My winter look: suffused with ennui
Have you ever noticed how winter is terrible? It’s just the worst. We got a bit of a reprieve this year, since winter didn’t really even start until January, but I have already had enough. I have had it up to HERE, where “here” is my windburned face, arranged in an unattractive grimace. At first I thought I might finally learn to love (or at least tolerate) winter, because Zach’s level of enthusiasm for winter was the same as his level of enthusiasm for just about everything else (i.e. high) and really, CAN one continue to hate winter when accompanied by a two-year-old who exclaims things like, “A ball! Of snow! It’s so WONDERFUL!” The answer is yes, yes one can, and as of yesterday Zach is now on Team Winter Haters. The wind was so cold when we walked over to get Ellie after school yesterday that he sobbed himself into an asthma attack and then coughed so much he barfed. (“Guided by sheer will and the love of his family, Glass must navigate a vicious winter in a relentless pursuit to live and find redemption.” <=== Plot summary of The Revenant, or a description of our daily 5-minute walk to and from school?)

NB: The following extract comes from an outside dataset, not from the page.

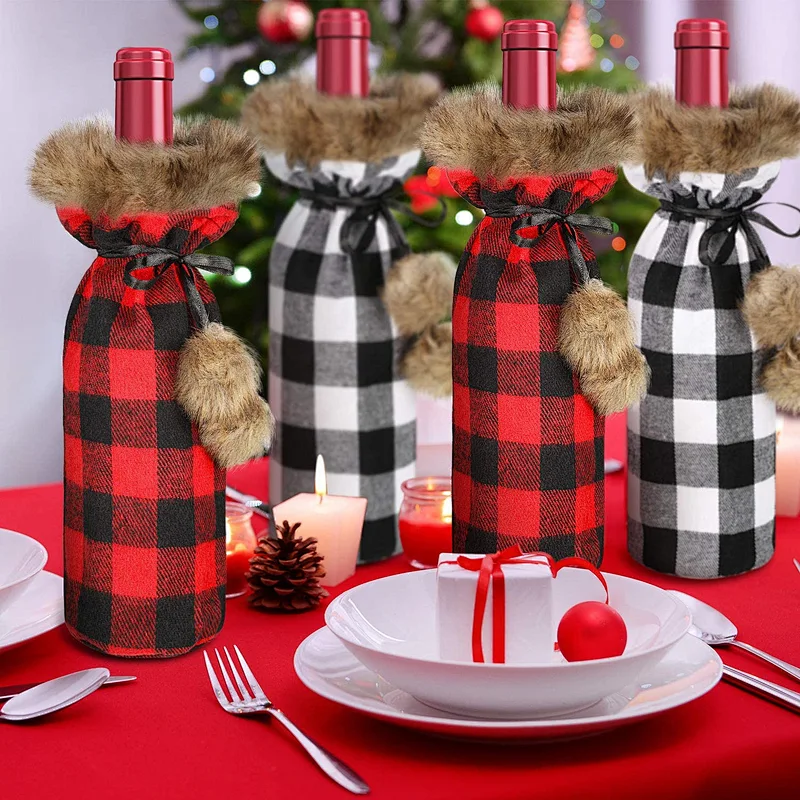 Christmas Plaid Wine Bottle Covers Plaid Wine Bottle Holder Sweater Faux Fur Wine Bottle Bags for Christmas Party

I bought a hair straightener online and the product is wonderful (you just run it through your hair like a brush! it is super convenient because that’s pretty much the limit of the amount of time/effort I’m willing to commit to having nice hair) but even more wonderful is the set of poorly-translated instructions it came with:
- Please don’t put too much hair, if put more, in the control process it will slow down the speed, the effect is obvious.
- Fast Hair Straightener use a different direction, for personal use, with the personal habits.
- Do not self-transformation, demolition, repair the product.
- This product cannot be put into the fire or external heating.
- Do not wet or in the bathroom, wet water area places.
On the way to school this morning, Ellie asked me why boys don’t wear dresses. I told her they certainly could, if they wanted to, and that some do. She asked why most don’t (this was very confusing for her, because in her mind, dresses = awesome, so who would choose NOT to wear a dress if it really was a valid choice) so I told her, “Well, it’s a whole thing called ‘toxic masculinity’ and it’s because of something called ‘the patriarchy’ …” and she said that Zach looks really pretty when they play dress-up in her princess clothes, and I agreed, and once again I was reminded that when you’re four, complicated topics really aren’t that complicated. You smash that patriarchy, kiddo.
Stupid ugly winter
Sometimes when it’s -20C with the windchill and you pretty much have to coat your face in a liberal layer of vaseline before walking your daughter to school because otherwise you’ll end up with an unattractive case of windburn that will startle you every time you walk by a mirror (“why do I have a hideous rash? what am I allergic to now? oh right, winter!”), there’s nothing for it but to follow several of Maui’s fancypants resorts on Instagram. Last week one of them posted a photo of a beach wedding, with the caption, “Marriage is the sunset of love.” Er … I’m not sure if their social media person really understands what the word “sunset” means. Marriage Is the Sunset of Love is going to be the title of my self-help book for unhappy couples. Sample chapters:
- I Think I’ve Made a Terrible Mistake
- Why Do You Never Listen to Me When I Talk to You
- Mark Is Just a Friend, I Swear
- At Least Mark Listens When I Talk
- Kids, This Is Mommy’s ‘Special Friend’ Mark
I think I promised to tell you about how Zach broke my nose. Have I mentioned before that he has a giant head? It’s literally off the charts in size. A few weeks ago, he was sitting in my lap and threw himself back, at which point the crown of his head connected with the bridge of my nose. It was remarkably painful and I had some bruising around my eyes for a few days, but I never went to the doctor, because … sometimes I am not a smart individual. I finally went last week, mostly to get some antibiotics for yet another sinus and inner ear infection, but the one benefit of my possibly broken nose (it was too inflamed and swollen for my doctor to determine if it actually was broken or not) is that it earned me a referral to a specialist (which I have been requesting since last winter, most of which I spent on one kind of antibiotics or another) who will hopefully be able to solve my chronic sinus issues. When it really hurts, I tell Zach, “You broke my nose!” and he usually ambles over and, after announcing “I kiss it!” plants a moist one between my eyebrows. I think at this point I can safely say that toddler saliva is not the cure for a broken nose.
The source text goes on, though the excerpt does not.